Another storm system is set to impact the Ohio Valley on Tuesday afternoon through early Wednesday. The surface low with this storm system will most likely pass just to our south and east, putting a portion of the region at risk for another round of wintry weather. As of now, it appears the best chances for a bout of sleet, freezing rain, and snow will stretch from Hartford, to Louisville, to Eminence KY and northward. Along this fairly narrow corridor, data suggests that freezing rain and sleet could be quite prolific, with significant ice accumulations possible Tuesday evening. Although we are within 30-36 hours of the event onset, there is still much model uncertainty in the eventual track of this storm. Subtle shifts in this storm track could yield changes to which type of precipitation falls where. A southward track would bring more of the wintry mix and snow into Kentucky, and a northward shift would make the event mostly rain for everyone. Stay up to date of the latest forecasts. Scroll down to see information on how this storm will develop.
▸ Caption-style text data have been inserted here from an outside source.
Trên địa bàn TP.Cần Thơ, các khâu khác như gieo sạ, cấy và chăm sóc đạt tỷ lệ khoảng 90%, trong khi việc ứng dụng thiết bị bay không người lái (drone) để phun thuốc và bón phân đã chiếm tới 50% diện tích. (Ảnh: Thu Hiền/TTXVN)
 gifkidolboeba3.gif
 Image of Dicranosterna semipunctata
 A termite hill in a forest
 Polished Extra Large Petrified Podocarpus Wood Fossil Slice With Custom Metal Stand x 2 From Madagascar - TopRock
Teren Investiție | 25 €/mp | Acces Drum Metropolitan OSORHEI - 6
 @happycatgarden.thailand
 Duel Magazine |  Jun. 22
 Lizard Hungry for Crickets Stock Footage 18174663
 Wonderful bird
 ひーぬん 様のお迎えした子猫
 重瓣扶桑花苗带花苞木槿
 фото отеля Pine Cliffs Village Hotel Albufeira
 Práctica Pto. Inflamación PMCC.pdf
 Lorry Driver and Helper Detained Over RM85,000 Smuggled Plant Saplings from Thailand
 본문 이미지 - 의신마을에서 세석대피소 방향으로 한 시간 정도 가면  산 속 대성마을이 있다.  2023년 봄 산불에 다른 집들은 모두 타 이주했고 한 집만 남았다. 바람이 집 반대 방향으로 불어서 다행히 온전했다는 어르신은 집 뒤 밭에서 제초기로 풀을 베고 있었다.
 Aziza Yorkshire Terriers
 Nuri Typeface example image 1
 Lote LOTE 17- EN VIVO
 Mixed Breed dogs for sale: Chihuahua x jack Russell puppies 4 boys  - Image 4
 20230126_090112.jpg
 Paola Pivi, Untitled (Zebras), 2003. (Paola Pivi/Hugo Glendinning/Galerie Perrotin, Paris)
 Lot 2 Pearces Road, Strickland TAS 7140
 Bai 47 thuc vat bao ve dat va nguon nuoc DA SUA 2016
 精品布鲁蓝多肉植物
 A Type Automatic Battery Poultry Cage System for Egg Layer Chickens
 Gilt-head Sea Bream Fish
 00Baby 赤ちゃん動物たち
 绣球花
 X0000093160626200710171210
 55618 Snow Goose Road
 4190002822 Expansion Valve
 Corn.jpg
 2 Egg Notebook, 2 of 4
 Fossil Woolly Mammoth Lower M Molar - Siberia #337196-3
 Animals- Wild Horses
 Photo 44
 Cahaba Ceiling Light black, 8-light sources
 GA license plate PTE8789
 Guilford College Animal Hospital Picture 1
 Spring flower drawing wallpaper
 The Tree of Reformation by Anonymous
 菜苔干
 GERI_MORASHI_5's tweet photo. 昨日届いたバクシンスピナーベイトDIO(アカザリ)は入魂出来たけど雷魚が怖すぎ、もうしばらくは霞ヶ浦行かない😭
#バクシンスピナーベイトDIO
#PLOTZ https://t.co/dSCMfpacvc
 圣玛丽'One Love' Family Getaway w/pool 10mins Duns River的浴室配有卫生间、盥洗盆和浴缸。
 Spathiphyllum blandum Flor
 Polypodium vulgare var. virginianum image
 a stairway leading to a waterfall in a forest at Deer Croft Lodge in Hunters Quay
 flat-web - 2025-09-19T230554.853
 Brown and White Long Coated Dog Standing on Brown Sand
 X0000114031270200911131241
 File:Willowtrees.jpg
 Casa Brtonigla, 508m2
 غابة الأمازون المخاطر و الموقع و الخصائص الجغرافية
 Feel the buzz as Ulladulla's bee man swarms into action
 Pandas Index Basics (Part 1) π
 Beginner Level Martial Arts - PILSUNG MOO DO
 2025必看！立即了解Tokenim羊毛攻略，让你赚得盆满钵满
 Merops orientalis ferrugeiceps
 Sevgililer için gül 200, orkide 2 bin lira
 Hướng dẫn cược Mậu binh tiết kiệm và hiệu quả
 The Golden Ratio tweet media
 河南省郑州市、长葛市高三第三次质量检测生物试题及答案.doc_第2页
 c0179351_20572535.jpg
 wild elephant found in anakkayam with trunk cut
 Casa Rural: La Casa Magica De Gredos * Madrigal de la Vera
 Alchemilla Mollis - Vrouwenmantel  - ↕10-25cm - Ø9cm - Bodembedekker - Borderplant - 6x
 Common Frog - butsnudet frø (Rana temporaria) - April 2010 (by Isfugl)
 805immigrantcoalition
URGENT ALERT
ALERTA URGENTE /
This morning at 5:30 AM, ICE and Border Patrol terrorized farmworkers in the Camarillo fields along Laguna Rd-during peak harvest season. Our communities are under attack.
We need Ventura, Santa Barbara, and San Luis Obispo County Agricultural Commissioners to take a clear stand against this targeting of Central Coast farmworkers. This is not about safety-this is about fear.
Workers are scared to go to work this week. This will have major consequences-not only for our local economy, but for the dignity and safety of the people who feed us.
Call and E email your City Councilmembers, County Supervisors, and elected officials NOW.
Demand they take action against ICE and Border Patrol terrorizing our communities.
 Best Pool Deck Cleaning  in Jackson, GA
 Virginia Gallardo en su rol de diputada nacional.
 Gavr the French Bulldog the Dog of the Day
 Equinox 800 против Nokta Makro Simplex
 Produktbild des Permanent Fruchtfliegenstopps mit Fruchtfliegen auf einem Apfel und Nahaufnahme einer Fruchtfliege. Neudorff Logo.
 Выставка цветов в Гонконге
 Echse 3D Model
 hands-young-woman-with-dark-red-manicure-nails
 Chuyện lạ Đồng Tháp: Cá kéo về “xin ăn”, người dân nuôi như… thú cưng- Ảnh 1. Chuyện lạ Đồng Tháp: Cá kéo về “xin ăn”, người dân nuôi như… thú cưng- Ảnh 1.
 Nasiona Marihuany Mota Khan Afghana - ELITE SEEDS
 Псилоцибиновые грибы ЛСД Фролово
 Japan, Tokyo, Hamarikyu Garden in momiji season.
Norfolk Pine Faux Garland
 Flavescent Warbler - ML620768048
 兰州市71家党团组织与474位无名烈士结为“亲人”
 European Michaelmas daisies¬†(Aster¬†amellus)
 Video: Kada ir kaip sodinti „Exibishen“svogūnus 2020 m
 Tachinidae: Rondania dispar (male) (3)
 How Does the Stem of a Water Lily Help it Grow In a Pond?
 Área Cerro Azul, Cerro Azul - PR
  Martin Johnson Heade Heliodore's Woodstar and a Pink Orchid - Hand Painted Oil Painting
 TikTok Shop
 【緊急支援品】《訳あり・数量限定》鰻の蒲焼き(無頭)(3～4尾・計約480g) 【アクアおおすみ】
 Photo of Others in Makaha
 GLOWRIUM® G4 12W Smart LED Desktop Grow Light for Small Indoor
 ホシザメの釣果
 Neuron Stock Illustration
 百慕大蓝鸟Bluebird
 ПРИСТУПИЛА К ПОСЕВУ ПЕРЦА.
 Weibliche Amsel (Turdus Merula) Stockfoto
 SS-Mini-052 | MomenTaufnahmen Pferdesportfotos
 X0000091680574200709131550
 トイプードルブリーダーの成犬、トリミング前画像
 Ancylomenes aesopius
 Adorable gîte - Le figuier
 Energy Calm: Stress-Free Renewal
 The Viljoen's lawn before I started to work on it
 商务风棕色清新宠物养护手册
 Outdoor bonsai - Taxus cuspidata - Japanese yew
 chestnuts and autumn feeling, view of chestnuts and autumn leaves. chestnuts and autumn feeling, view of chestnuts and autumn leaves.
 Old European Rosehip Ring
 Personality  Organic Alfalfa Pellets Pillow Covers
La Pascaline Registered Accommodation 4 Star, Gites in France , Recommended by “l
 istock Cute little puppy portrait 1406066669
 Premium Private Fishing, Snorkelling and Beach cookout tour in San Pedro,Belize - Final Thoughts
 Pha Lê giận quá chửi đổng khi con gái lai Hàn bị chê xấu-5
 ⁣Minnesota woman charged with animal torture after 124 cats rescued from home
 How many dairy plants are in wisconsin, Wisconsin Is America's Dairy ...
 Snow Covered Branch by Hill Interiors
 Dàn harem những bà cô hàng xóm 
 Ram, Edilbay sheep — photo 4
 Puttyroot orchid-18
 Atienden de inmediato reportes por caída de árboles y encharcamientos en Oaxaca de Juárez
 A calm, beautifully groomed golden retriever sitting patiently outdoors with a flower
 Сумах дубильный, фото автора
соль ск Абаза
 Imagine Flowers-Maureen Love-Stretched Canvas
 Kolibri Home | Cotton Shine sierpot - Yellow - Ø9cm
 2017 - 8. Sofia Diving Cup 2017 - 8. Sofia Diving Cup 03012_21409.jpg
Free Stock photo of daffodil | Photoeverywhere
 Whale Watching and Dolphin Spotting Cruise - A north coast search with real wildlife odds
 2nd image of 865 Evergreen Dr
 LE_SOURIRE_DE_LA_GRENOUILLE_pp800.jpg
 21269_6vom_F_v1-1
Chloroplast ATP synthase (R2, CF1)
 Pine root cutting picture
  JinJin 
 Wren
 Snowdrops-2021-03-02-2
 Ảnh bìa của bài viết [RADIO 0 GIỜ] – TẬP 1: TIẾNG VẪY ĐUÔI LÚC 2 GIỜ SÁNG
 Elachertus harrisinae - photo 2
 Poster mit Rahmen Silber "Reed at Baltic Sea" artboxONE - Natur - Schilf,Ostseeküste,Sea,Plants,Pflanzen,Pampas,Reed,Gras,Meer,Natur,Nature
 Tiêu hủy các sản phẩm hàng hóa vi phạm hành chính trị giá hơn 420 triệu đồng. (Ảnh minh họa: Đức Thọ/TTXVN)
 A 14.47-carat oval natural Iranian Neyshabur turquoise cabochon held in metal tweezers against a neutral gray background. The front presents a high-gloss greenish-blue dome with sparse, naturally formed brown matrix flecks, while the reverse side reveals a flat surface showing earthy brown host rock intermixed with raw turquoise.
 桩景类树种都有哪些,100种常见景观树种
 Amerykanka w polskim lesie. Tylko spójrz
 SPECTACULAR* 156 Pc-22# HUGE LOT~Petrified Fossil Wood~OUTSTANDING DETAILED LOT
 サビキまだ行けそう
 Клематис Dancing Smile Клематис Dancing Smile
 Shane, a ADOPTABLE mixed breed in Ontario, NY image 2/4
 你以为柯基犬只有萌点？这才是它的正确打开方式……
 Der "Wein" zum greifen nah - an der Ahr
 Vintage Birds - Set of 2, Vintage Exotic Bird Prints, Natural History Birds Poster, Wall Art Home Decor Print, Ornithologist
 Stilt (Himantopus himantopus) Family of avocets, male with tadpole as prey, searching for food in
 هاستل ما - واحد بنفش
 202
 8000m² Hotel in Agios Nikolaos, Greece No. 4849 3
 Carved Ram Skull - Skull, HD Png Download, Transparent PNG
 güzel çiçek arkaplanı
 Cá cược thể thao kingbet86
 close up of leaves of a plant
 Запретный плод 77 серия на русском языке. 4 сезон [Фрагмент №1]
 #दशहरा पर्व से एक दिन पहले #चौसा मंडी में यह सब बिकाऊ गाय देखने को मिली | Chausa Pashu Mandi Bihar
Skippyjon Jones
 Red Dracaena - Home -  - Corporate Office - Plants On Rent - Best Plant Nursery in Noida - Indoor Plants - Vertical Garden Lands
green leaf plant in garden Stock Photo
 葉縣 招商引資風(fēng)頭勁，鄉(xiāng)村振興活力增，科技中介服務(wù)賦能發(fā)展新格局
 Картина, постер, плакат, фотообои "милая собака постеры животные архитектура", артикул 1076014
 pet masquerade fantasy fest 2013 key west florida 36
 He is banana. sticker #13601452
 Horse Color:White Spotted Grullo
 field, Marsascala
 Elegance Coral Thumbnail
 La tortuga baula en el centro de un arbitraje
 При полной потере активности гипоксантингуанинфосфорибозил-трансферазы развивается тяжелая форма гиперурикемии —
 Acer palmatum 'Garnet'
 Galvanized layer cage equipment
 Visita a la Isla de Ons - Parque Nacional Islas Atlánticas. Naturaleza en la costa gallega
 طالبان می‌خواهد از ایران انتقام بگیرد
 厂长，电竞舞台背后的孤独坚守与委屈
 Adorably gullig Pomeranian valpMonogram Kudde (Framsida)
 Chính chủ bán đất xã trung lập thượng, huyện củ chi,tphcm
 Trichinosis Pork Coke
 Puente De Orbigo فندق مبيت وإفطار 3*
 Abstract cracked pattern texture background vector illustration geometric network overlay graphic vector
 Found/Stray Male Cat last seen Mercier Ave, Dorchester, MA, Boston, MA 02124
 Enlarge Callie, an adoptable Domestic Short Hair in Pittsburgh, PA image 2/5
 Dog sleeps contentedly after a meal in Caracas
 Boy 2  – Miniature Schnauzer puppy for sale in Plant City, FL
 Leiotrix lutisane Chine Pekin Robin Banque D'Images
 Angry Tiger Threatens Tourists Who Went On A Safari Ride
To get an idea of how Tuesday's storm system is going to develop, consider the water vapor image above. As of early Monday morning, a sharp upper level impulse (circled bold black) was positioned just off the southern coast of California. This impulse is expected to swing into northern Mexico today and across the southern Plains tonight. As it begins to near our region on early Tuesday, an associated surface low will develop over the lower Mississippi River Valley and move toward the central Appalachian spine. This system will be able to draw upon ample amounts of Gulf of Mexico moisture as it develops, meanwhile the surface low passing to our south will try to pull colder air at the surface into the Ohio Valley. Imagine this colder air sliding underneath a layer of warmer air aloft and that sets the stage for why freezing rain and sleet will be a possibility.
The image above is a depiction of the expected amount of rainfall through Wednesday. Rainfall amounts up to 1.5"-1.75" inches could cause some minor hydro problems, especially where grounds is frozen or snow covered.